Items from a dataset:

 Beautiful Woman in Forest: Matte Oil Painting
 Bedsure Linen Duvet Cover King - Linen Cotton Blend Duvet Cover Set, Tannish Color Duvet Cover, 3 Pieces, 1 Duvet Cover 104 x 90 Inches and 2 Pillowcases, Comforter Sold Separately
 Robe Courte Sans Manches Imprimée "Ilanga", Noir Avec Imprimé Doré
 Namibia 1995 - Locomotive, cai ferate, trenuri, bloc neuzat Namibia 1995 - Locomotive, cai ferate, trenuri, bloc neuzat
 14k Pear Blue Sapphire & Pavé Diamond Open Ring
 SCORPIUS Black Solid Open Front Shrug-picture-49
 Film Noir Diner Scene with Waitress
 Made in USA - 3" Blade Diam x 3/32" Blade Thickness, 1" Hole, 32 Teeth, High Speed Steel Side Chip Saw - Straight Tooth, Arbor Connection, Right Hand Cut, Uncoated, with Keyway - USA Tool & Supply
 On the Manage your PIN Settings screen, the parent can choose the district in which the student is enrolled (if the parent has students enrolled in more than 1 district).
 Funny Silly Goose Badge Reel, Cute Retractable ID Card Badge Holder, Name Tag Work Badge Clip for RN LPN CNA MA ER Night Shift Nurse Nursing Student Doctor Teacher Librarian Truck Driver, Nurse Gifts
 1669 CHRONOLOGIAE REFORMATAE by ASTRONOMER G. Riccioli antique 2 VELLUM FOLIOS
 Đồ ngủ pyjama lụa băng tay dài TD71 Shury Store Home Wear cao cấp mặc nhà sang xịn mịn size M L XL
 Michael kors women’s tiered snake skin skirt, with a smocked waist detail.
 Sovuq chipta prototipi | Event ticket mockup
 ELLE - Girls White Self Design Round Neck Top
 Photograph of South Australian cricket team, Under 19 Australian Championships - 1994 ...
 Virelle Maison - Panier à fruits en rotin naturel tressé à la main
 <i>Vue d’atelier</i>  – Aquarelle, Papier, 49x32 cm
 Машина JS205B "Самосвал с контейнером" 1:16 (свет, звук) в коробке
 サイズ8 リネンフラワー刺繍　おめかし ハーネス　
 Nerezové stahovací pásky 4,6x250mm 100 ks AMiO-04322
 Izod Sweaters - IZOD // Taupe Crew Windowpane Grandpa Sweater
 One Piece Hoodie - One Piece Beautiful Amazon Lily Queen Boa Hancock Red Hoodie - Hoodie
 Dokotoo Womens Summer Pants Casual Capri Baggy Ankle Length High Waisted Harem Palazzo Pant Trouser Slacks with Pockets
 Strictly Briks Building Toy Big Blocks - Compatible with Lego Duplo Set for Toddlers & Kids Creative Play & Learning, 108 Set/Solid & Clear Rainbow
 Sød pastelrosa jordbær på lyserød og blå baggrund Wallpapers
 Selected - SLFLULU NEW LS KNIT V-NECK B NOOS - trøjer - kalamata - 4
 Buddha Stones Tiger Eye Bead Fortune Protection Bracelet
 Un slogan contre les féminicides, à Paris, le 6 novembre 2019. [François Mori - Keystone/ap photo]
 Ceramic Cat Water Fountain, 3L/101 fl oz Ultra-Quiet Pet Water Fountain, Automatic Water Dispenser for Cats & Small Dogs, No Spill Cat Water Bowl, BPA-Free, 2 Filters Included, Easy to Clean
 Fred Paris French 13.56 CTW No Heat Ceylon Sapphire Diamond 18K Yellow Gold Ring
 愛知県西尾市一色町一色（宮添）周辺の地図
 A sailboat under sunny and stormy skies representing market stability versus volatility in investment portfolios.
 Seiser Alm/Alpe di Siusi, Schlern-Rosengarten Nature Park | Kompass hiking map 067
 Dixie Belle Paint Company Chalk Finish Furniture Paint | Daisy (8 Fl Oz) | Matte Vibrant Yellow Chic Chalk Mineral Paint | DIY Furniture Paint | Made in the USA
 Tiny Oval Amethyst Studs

What is expected: Begin at the top of the records above and quote each line exactly, ending with the line that contains "Film Noir Diner Scene with Waitress".

Result of this task:
 Beautiful Woman in Forest: Matte Oil Painting
 Bedsure Linen Duvet Cover King - Linen Cotton Blend Duvet Cover Set, Tannish Color Duvet Cover, 3 Pieces, 1 Duvet Cover 104 x 90 Inches and 2 Pillowcases, Comforter Sold Separately
 Robe Courte Sans Manches Imprimée "Ilanga", Noir Avec Imprimé Doré
 Namibia 1995 - Locomotive, cai ferate, trenuri, bloc neuzat Namibia 1995 - Locomotive, cai ferate, trenuri, bloc neuzat
 14k Pear Blue Sapphire & Pavé Diamond Open Ring
 SCORPIUS Black Solid Open Front Shrug-picture-49
 Film Noir Diner Scene with Waitress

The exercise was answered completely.